UK business output growth has declined for the first time this year.
BDO’s Output Index, which measures UK business output growth, fell to 98.63 in April from 98.74 in March.
Business confidence also registered another decline in April, slipping by 0.36 points to 95.74 – the lowest level the index has been since 2012.
As the imminent threat of a no-deal Brexit was lifted last month, activity in the manufacturing sector is expected to diminish due to unprecedented levels of stockpiling tailing off.
BDO’s Manufacturing Output Index, which tracks output growth in the sector, declined to 97.27 in April. This marks a year-on-year decrease of 8.32 points and compares to its most recent high of 103.26 in September 2018.
In further gloomy news for the manufacturing industry, confidence has hit a 30-month low.
BDO’s Manufacturing Optimism Index, which shows how businesses expect output to develop in the next three to six months, declined to 101.09 in April from 103.73 in March. The index has not been this low since November 2016 and reflects concerns by manufacturers that they expect growth to moderate in the coming months.

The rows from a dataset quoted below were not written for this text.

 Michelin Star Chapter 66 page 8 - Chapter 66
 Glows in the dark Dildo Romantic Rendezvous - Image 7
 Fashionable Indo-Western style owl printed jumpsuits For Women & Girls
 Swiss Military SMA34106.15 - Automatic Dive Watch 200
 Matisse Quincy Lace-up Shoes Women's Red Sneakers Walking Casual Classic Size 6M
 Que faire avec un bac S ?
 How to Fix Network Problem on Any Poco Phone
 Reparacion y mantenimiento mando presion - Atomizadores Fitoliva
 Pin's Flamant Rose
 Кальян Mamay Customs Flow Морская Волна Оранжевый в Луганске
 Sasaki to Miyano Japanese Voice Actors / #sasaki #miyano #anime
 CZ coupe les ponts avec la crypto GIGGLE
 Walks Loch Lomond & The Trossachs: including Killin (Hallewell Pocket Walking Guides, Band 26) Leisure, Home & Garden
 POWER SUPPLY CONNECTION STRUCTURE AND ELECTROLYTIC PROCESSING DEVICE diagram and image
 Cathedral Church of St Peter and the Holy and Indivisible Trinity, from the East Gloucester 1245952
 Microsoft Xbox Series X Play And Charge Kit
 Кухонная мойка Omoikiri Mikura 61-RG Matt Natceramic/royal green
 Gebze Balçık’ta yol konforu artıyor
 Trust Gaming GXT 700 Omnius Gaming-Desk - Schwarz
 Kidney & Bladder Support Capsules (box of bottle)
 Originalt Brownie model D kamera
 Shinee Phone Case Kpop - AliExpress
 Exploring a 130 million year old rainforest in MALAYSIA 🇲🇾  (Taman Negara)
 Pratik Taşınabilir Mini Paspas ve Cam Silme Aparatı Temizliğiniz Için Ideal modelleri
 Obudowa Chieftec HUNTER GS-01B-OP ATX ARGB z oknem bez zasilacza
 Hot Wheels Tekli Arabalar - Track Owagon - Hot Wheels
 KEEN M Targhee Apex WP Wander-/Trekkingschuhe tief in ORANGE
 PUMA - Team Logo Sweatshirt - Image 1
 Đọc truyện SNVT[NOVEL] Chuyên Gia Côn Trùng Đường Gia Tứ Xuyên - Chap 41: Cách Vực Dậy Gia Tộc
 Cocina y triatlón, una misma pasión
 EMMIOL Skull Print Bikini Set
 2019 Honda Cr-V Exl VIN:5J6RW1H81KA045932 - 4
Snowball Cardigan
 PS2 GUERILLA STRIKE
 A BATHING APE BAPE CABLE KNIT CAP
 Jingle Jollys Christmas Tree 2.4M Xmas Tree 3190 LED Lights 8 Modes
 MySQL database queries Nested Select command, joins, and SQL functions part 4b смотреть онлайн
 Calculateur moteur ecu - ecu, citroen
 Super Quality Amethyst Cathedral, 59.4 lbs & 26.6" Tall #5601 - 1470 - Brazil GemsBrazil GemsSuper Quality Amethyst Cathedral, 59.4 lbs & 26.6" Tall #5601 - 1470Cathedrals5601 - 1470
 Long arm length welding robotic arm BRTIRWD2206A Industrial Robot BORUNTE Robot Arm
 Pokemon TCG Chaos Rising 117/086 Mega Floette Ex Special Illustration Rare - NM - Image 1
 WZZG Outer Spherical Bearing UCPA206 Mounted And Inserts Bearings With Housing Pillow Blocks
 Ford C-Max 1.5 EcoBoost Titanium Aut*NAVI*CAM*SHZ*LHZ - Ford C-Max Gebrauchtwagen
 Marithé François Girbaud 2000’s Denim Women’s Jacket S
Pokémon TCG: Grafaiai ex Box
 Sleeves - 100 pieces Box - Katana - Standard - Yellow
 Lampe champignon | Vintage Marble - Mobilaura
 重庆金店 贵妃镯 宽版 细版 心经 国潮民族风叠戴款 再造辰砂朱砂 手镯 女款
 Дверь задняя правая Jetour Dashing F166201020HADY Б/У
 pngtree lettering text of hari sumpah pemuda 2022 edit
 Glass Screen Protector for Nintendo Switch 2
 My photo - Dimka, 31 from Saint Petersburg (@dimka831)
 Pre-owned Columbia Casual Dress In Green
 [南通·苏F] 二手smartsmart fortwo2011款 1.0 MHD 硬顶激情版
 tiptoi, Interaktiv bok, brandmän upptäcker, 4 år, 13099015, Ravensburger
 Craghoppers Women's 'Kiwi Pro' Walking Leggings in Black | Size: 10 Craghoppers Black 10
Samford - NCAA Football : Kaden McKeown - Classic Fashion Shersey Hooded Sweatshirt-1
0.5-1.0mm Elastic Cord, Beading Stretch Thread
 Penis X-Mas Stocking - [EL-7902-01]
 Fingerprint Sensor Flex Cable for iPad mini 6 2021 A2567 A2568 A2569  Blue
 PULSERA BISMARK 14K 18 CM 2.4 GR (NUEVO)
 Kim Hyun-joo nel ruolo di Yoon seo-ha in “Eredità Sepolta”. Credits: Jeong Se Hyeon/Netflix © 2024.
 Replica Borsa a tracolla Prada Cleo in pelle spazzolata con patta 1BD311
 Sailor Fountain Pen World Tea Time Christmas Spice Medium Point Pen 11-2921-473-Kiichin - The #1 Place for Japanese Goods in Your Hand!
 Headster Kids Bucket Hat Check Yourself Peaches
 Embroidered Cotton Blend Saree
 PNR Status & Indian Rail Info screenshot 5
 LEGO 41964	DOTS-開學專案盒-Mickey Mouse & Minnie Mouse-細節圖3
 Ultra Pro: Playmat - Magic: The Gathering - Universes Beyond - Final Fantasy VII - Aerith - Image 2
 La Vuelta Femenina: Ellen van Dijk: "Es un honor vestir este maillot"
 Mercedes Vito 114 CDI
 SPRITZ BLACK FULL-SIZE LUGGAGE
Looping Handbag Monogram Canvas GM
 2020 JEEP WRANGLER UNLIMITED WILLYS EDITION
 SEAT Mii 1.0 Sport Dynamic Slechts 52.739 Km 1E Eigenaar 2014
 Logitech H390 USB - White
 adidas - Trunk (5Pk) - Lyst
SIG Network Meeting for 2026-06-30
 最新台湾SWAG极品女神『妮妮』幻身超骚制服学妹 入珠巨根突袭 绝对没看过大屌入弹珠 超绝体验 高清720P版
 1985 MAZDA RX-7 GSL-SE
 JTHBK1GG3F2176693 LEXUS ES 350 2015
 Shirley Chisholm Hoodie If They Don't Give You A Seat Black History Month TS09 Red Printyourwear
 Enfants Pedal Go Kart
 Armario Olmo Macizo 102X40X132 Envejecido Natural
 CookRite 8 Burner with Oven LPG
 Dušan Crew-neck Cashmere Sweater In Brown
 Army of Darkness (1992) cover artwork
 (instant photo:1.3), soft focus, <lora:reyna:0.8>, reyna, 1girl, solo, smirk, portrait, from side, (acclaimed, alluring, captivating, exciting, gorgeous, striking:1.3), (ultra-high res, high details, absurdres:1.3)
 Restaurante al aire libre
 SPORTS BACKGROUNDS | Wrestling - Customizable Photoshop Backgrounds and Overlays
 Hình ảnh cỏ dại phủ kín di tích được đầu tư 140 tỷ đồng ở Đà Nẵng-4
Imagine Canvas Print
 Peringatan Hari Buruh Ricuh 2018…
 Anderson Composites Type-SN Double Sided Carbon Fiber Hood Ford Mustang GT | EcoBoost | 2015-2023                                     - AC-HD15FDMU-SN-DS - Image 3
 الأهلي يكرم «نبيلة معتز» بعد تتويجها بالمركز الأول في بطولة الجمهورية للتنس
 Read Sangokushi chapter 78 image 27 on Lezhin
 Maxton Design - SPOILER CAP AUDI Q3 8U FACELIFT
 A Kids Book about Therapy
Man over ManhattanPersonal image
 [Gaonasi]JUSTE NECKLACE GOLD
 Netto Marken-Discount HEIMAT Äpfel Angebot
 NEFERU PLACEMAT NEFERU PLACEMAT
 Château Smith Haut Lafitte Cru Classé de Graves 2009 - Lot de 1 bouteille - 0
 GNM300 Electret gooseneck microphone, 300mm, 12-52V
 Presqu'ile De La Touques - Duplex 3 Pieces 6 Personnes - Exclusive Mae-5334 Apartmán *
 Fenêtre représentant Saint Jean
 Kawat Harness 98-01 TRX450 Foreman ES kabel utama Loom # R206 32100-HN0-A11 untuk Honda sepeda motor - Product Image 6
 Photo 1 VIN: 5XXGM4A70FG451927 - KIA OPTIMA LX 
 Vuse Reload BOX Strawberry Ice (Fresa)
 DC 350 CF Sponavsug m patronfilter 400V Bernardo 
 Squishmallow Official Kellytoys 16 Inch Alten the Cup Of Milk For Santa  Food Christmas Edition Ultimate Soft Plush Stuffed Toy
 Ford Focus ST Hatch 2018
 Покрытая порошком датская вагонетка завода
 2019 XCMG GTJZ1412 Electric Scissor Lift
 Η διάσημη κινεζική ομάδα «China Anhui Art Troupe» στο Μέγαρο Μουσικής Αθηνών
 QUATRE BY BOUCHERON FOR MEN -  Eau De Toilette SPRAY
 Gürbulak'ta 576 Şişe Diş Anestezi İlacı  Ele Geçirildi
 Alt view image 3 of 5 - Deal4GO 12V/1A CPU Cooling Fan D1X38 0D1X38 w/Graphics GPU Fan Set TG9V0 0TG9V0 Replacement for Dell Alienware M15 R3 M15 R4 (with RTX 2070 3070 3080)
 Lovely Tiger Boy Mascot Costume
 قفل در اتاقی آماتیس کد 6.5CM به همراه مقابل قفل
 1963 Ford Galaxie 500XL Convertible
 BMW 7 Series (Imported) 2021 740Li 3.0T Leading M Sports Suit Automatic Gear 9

Optimism in the UK’s services sector fell for a ninth consecutive month after it plummeted by 4.15 points in March. The index shows that optimism dropped to 95.06, just 0.06 points off negative territory. Despite the extension of Article 50 until October, businesses still don’t have the clarity they desperately need on the future long-term relationship the UK will have with the EU.
Peter Hemington, partner at BDO, said: “The only certainty businesses have at the moment is that the UK government still doesn’t know exactly how or when the UK will leave the European Union. We are seeing the impact of this confusion, with business confidence plummeting.
“An extension of Article 50 alone is insufficient to restore sentiment among businesses. In the coming months, the government should look at further policy interventions, such as increasing the Annual Investment Allowance, to help businesses invest and stimulate the UK economy.”